I don’t usually put blog links into these essays, but there was a May 20th thread on Patrick and Teresa Nielson-Hayden’s “Making Light” that was prompted by the Halpern article I quoted in the beginning of this piece. Teresa, I believe, makes several good points in the comments:

Most works are somewhat derivative. Even much-imitated landmark works like Star Wars or Neuromancer are in many ways powerful new syntheses of older material. If you own the rights to such a landmark work, then to the extent that you can keep subsequent works from copyrighting implicit or potential aspects of that synthesis, your own right to such implicit or potential derivative works will be more valuable…

…nibbling-away of the uniqueness of influential works is a normal literary process. How, then, does the entertainment conglomerate maintain its long-term hold on the valuable rights to the source work? The obvious way to do it is to make sure that other authors don't hold the copyrights on subsequent works. Any story or narrative mindspace they and their heirs own is a story or narrative mindspace you don't own. You might have to pay them something for it, further on down the road. Best not to let them lay claim to it in the first place.
–Teresa Nielson-Hayden

Copyrights are not “natural.” When scribes did all the copying, there was no further need for state control of copyright, as the labor cost itself was the limiting factor in the spread of information. But with the invention of the printing press, publishing became a lucrative endeavor, all the more so it there could be some sort of monopoly on publishing generally, or, failing that, the publishing of a particular work. Copyrights, in other words, benefit publishers, the Owners of The Casino. We writers are just the gamblers holding the chips in the Big Game. But the Casino always winds up owning most of the stakes.

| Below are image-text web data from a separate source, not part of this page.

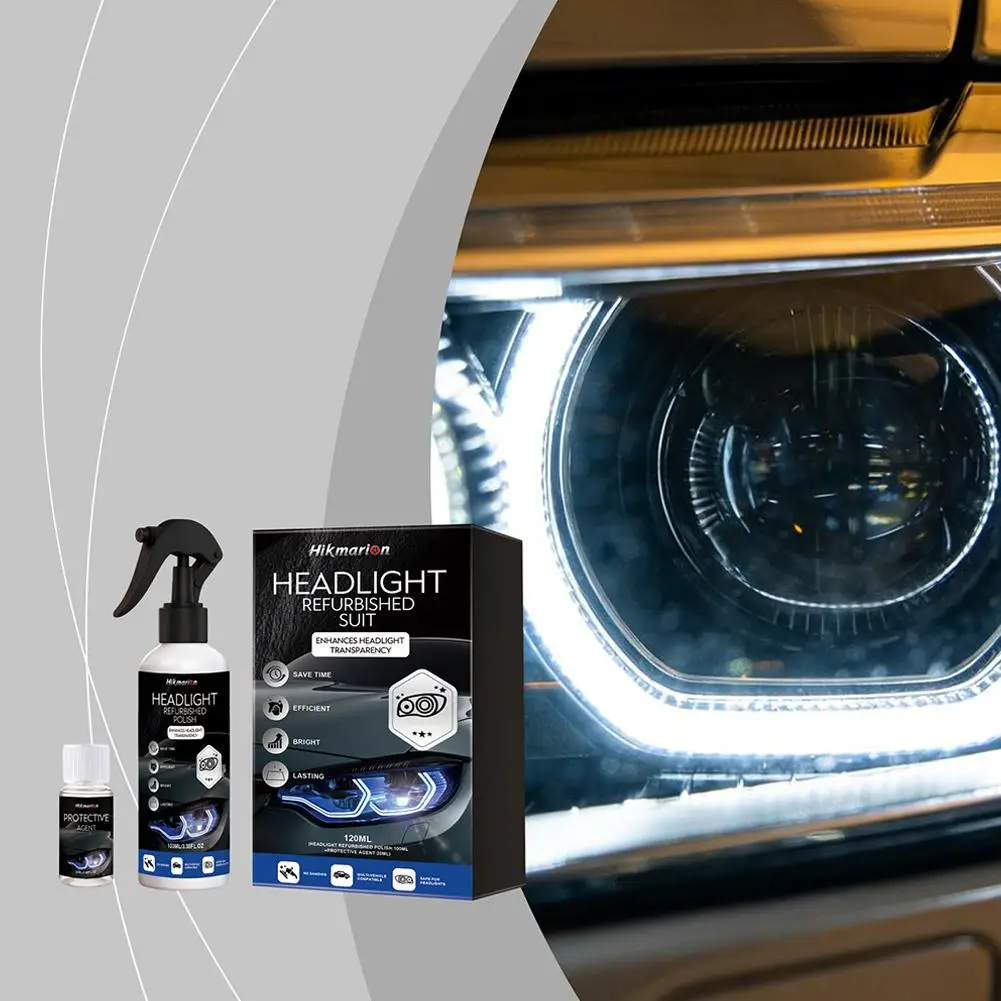Car Headlight Restoration Liquid Anti-Oxidation Brightening Polish UV Protection Headlamp Cleaner Repair Kit for Auto Care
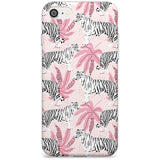 White Tigers on Pink Pattern Slim TPU Phone Case for iPhone SE 8 7 Plus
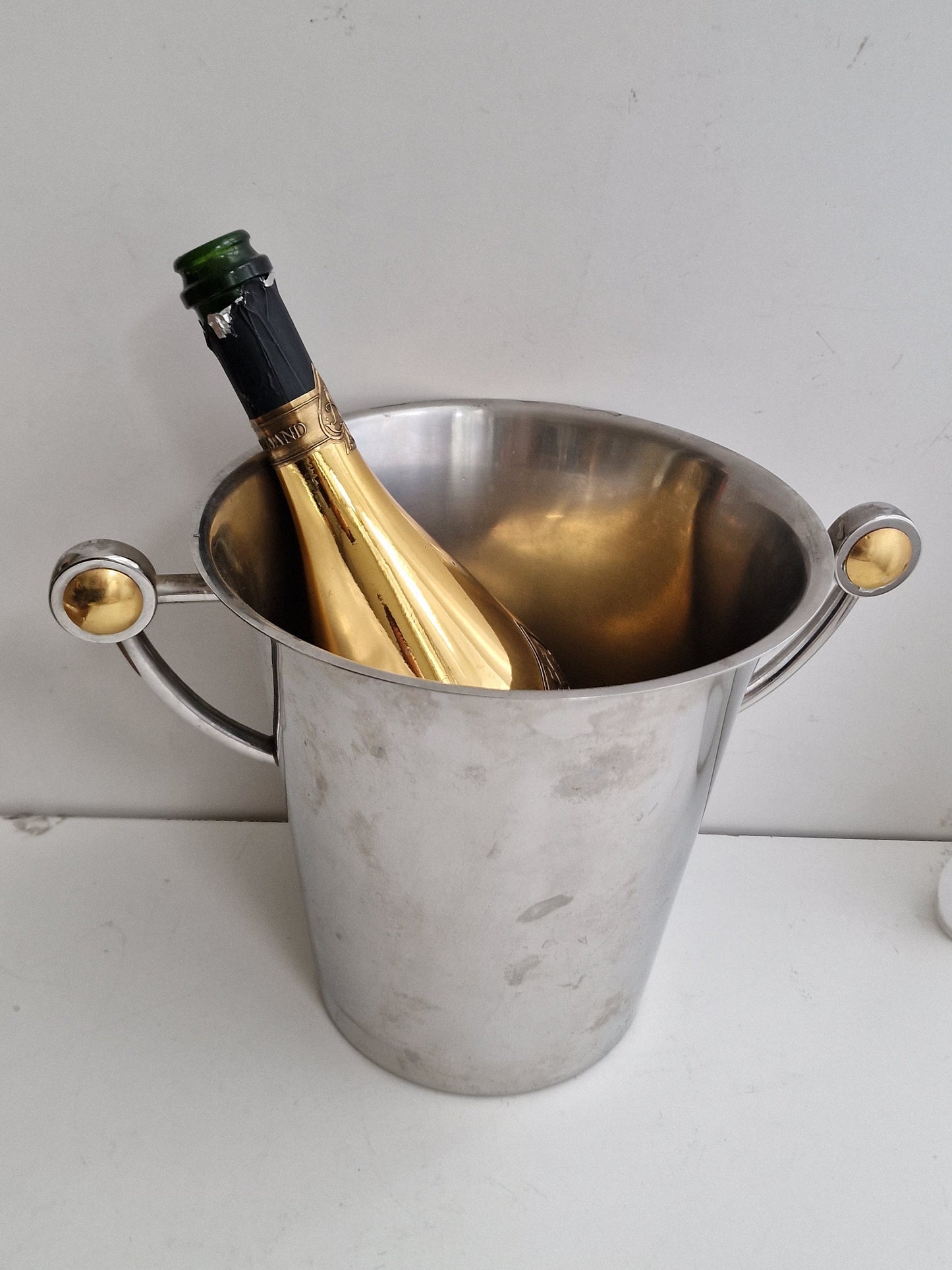 WMF Chrome & Brass Champagne Cooler, French Luxe ice bucket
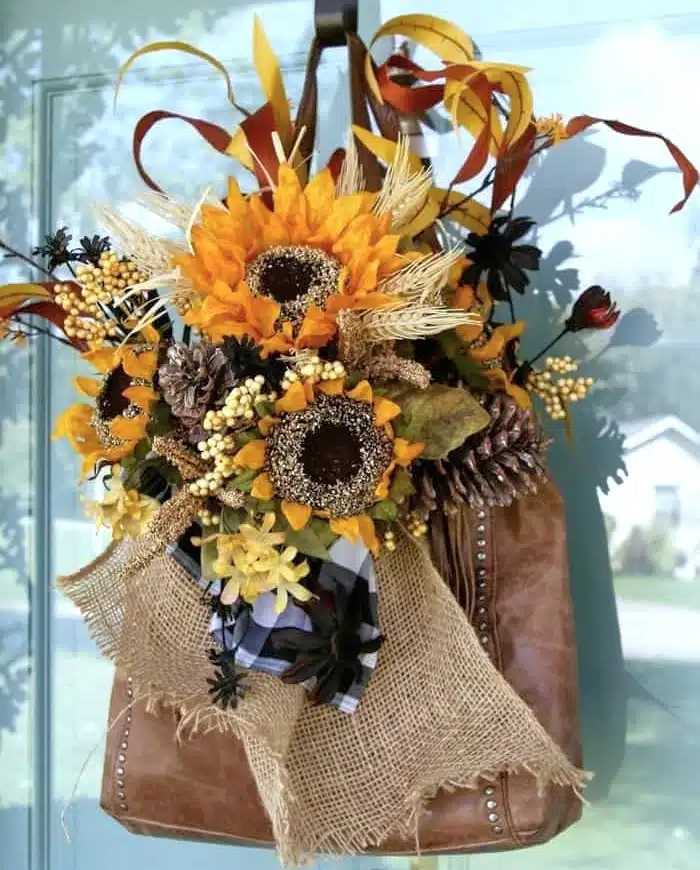 Fall Sunflower Purse Front Door Wreath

Without the Casino, there is no Jackpot, so writers often identify their fortunes with those of the publishers. Well, fair enough, without the publishers there are no fortunes to be made.

The Jackpot is a cruel temptation. I’ve said before, in other circumstances, that if you take up all the money spent by would-be writers of fiction, from the creative writing course fees, to the postage spent, to the paper and ink cartridges bought, not to mention the scams, dodges, vanity presses, phony agents, “readers’ fees” and all the rest, add it up and subtract it from every royalty and advance paid by the publishing industry, and you get a negative number. Maybe movie sales push it back into positive numbers, but I have my doubts, since movies don’t pay their writers that much, and it’s work-for-hire besides. And if I’m wrong, if it isn’t negative sum, it’s because of maybe ten writers, starting with J. K. Rowling and Stephen King, and ending with some writer that you’ve also heard of, Grisham, Clancy, the Usual Suspects. And you’d better ignore the vast amounts of time spent staring at the hellish blank screen, (formerly the blank page), or typing words that no one but the spouse will ever read, because if you add up that time and count it as even a quarter of minimum wage, then not even King and Rowling could make a dent in the debit.

So, one way or another, you’d better enjoy writing your stories, or at least enjoy reading them, because the likelihood of your making a living at it is comparable to winning Powerball, and in fact depends less on how well you write than a hundred other things.

Whew. I hope that’s out of my system for a while. Maybe I can get to actually writing about copyrights now.